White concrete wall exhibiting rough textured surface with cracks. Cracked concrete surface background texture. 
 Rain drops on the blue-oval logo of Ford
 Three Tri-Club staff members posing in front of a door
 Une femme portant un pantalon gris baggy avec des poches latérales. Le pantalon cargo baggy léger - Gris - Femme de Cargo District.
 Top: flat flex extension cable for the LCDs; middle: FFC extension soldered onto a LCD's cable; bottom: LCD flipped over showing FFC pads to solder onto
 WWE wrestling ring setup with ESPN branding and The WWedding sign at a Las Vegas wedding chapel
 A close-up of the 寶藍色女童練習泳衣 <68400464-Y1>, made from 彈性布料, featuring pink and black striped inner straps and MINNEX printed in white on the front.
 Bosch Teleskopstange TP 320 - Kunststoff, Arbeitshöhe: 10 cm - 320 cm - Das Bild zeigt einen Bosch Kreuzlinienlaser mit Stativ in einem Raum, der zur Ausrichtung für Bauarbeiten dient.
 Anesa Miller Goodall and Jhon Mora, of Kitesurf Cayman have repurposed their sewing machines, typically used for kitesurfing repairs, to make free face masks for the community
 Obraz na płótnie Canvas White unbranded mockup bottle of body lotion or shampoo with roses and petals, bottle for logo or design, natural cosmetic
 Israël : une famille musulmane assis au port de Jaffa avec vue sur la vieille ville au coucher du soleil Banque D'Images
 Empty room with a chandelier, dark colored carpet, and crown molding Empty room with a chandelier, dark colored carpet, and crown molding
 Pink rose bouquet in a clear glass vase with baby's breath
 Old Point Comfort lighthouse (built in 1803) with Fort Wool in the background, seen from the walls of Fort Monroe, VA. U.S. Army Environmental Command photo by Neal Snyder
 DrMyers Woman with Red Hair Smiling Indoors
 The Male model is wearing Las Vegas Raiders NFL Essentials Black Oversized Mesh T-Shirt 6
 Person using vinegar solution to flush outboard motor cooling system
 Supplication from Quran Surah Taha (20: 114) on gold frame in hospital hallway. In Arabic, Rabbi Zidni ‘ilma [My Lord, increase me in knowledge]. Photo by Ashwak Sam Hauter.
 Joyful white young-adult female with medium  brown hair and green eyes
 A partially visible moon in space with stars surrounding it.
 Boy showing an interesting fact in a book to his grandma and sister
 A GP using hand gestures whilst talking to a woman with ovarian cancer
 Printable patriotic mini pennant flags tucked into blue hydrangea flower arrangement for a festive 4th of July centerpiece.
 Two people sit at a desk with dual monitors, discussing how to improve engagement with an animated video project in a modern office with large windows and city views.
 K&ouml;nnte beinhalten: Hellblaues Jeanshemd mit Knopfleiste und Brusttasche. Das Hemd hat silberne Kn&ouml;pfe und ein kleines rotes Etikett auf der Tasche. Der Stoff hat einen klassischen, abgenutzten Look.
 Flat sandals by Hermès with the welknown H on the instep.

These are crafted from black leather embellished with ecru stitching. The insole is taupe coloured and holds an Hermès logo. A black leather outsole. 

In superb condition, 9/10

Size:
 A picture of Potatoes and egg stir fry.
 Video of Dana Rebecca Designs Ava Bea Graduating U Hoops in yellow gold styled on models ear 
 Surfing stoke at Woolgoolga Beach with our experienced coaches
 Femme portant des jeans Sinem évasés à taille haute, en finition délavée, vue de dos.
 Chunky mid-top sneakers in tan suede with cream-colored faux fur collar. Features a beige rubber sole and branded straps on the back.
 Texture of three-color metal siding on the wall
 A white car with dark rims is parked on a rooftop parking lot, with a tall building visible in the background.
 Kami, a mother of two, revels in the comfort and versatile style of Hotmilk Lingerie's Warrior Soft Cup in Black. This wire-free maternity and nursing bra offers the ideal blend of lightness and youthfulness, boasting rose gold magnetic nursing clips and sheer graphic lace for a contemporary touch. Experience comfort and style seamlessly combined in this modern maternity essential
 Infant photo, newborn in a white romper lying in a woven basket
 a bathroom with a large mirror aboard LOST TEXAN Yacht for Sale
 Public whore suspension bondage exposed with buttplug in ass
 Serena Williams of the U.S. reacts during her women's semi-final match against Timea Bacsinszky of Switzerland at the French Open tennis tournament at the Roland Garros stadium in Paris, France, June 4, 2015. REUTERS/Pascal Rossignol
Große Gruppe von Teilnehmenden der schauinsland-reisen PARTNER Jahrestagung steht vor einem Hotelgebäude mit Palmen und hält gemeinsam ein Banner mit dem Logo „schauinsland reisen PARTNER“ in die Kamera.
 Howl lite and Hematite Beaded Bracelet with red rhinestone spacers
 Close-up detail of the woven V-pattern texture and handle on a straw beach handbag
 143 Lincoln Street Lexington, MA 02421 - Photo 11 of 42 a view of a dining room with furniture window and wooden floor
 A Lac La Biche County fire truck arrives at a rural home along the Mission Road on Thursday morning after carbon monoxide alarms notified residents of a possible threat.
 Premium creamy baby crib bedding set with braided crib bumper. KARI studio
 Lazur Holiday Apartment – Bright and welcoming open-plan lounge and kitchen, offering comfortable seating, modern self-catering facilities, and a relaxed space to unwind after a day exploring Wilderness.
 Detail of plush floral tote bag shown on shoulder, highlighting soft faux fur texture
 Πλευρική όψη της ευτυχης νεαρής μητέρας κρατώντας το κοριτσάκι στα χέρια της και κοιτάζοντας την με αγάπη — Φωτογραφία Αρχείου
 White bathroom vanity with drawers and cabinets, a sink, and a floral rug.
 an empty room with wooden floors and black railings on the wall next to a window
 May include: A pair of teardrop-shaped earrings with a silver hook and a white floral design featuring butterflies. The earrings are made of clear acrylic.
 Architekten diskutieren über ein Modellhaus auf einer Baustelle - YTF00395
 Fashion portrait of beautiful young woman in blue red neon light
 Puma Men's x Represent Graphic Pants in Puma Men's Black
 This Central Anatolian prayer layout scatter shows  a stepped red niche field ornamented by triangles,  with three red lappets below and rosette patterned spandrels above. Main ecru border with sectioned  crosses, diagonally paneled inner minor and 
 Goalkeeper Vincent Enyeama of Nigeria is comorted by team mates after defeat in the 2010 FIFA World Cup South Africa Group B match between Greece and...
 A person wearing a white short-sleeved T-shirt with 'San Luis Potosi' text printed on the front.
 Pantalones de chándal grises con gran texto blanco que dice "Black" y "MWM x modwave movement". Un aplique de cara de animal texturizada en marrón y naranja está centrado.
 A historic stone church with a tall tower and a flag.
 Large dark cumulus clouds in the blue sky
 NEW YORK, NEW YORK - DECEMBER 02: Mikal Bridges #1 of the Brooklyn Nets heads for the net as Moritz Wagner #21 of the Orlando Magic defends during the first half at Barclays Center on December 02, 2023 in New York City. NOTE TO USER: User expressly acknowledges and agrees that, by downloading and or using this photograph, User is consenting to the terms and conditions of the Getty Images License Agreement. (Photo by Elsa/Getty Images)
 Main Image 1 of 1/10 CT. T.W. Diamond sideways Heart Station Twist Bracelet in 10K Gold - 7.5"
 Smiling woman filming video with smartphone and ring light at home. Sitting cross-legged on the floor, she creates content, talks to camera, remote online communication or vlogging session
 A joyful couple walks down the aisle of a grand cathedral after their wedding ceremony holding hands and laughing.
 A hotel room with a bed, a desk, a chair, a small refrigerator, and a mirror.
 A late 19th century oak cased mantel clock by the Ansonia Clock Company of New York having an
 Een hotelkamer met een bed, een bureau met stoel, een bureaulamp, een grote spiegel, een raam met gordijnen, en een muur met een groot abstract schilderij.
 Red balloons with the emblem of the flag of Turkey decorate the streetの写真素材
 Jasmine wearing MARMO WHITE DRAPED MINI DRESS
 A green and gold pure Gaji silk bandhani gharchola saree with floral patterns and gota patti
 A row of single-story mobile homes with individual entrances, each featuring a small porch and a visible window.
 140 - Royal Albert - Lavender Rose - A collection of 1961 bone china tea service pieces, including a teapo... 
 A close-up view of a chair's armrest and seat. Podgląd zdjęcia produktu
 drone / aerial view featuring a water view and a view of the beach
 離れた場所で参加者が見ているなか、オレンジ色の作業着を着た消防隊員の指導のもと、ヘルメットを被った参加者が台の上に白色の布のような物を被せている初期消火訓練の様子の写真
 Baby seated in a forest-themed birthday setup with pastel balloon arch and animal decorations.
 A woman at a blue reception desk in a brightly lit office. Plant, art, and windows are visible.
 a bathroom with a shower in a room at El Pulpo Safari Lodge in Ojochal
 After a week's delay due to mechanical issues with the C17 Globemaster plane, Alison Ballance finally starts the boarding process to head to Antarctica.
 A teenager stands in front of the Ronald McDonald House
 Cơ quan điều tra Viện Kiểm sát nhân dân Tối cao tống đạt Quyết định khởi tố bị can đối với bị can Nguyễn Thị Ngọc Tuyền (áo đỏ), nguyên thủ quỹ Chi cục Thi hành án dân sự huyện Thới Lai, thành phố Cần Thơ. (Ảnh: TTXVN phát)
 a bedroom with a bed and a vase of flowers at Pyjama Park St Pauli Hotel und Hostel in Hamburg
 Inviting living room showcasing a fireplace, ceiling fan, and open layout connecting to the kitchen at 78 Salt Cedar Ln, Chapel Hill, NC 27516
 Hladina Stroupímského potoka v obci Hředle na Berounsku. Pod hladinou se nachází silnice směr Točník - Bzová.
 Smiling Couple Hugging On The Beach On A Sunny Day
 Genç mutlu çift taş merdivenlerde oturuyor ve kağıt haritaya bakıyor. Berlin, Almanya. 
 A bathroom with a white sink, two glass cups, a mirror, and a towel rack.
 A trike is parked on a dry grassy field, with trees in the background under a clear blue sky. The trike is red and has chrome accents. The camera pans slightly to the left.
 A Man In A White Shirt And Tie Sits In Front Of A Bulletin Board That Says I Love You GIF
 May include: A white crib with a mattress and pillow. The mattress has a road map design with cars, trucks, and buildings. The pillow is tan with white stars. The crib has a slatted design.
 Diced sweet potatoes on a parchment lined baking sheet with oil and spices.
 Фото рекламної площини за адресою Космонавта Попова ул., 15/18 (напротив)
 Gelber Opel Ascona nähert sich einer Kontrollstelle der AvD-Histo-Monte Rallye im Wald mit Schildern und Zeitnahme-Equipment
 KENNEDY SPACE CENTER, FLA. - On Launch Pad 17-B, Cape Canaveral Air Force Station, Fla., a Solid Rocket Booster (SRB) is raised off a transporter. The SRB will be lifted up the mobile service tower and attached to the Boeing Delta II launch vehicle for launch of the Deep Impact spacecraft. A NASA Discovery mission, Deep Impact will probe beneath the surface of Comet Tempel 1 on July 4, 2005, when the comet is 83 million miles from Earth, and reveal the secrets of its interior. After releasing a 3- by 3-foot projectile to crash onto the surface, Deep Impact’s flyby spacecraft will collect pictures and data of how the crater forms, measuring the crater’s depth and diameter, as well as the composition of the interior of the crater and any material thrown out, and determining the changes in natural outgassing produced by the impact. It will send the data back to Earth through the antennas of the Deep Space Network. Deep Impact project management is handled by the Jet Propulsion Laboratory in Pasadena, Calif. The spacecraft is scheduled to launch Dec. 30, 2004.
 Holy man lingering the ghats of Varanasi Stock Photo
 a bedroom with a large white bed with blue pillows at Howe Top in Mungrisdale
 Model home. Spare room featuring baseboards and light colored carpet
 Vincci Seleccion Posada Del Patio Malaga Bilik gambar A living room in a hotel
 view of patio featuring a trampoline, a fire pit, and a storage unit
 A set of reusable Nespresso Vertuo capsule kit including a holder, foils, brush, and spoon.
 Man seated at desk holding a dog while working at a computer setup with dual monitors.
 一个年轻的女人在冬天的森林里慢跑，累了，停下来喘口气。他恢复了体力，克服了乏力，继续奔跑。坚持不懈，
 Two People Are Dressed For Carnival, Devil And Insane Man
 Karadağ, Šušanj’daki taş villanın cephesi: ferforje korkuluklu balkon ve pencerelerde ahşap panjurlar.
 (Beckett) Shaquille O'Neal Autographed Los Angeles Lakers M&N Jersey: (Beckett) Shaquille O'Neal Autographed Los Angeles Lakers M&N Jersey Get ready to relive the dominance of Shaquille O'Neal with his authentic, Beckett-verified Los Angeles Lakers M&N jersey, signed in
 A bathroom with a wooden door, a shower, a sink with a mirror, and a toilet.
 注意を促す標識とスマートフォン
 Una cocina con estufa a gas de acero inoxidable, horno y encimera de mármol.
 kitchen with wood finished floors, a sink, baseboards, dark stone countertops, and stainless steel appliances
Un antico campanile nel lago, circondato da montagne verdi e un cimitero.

************

ACTION ITEM
Repeat, character for character, the lines of the material above from the line with "Large dark cumulus clouds in the blue sky" through the line with "A green and".

EXPECTED OUTPUT
 Large dark cumulus clouds in the blue sky
 NEW YORK, NEW YORK - DECEMBER 02: Mikal Bridges #1 of the Brooklyn Nets heads for the net as Moritz Wagner #21 of the Orlando Magic defends during the first half at Barclays Center on December 02, 2023 in New York City. NOTE TO USER: User expressly acknowledges and agrees that, by downloading and or using this photograph, User is consenting to the terms and conditions of the Getty Images License Agreement. (Photo by Elsa/Getty Images)
 Main Image 1 of 1/10 CT. T.W. Diamond sideways Heart Station Twist Bracelet in 10K Gold - 7.5"
 Smiling woman filming video with smartphone and ring light at home. Sitting cross-legged on the floor, she creates content, talks to camera, remote online communication or vlogging session
 A joyful couple walks down the aisle of a grand cathedral after their wedding ceremony holding hands and laughing.
 A hotel room with a bed, a desk, a chair, a small refrigerator, and a mirror.
 A late 19th century oak cased mantel clock by the Ansonia Clock Company of New York having an
 Een hotelkamer met een bed, een bureau met stoel, een bureaulamp, een grote spiegel, een raam met gordijnen, en een muur met een groot abstract schilderij.
 Red balloons with the emblem of the flag of Turkey decorate the streetの写真素材
 Jasmine wearing MARMO WHITE DRAPED MINI DRESS
 A green and gold pure Gaji silk bandhani gharchola saree with floral patterns and gota patti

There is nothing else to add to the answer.